== To do ==
Only the lines from the one with "Apartamento De 2" through the last belong in the output; print them exactly as given below.

Web page caption snippets
****************

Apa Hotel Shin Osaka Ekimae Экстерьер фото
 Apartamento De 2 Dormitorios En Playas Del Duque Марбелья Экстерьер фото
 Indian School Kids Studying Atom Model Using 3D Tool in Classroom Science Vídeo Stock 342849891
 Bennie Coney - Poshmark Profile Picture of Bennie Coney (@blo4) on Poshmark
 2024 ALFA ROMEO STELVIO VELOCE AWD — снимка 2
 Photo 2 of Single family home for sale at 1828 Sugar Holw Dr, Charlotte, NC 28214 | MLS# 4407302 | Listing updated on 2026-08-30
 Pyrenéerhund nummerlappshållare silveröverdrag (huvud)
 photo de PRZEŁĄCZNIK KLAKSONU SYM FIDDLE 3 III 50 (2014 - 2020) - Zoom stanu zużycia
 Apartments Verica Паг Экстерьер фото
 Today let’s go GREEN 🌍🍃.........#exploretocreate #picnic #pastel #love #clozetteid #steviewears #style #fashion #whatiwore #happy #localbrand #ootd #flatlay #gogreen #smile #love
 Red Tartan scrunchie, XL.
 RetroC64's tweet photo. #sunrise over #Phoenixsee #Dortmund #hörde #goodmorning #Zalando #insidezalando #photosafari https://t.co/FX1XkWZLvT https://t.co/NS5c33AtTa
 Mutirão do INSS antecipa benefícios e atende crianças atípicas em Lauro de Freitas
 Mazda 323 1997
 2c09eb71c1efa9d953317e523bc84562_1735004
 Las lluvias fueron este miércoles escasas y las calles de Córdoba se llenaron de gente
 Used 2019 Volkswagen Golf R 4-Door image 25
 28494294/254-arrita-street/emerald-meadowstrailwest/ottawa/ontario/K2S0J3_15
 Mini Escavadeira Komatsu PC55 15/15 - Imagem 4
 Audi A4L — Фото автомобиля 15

****************

== Answer space ==
 Apartamento De 2 Dormitorios En Playas Del Duque Марбелья Экстерьер фото
 Indian School Kids Studying Atom Model Using 3D Tool in Classroom Science Vídeo Stock 342849891
 Bennie Coney - Poshmark Profile Picture of Bennie Coney (@blo4) on Poshmark
 2024 ALFA ROMEO STELVIO VELOCE AWD — снимка 2
 Photo 2 of Single family home for sale at 1828 Sugar Holw Dr, Charlotte, NC 28214 | MLS# 4407302 | Listing updated on 2026-08-30
 Pyrenéerhund nummerlappshållare silveröverdrag (huvud)
 photo de PRZEŁĄCZNIK KLAKSONU SYM FIDDLE 3 III 50 (2014 - 2020) - Zoom stanu zużycia
 Apartments Verica Паг Экстерьер фото
 Today let’s go GREEN 🌍🍃.........#exploretocreate #picnic #pastel #love #clozetteid #steviewears #style #fashion #whatiwore #happy #localbrand #ootd #flatlay #gogreen #smile #love
 Red Tartan scrunchie, XL.
 RetroC64's tweet photo. #sunrise over #Phoenixsee #Dortmund #hörde #goodmorning #Zalando #insidezalando #photosafari https://t.co/FX1XkWZLvT https://t.co/NS5c33AtTa
 Mutirão do INSS antecipa benefícios e atende crianças atípicas em Lauro de Freitas
 Mazda 323 1997
 2c09eb71c1efa9d953317e523bc84562_1735004
 Las lluvias fueron este miércoles escasas y las calles de Córdoba se llenaron de gente
 Used 2019 Volkswagen Golf R 4-Door image 25
 28494294/254-arrita-street/emerald-meadowstrailwest/ottawa/ontario/K2S0J3_15
 Mini Escavadeira Komatsu PC55 15/15 - Imagem 4
 Audi A4L — Фото автомобиля 15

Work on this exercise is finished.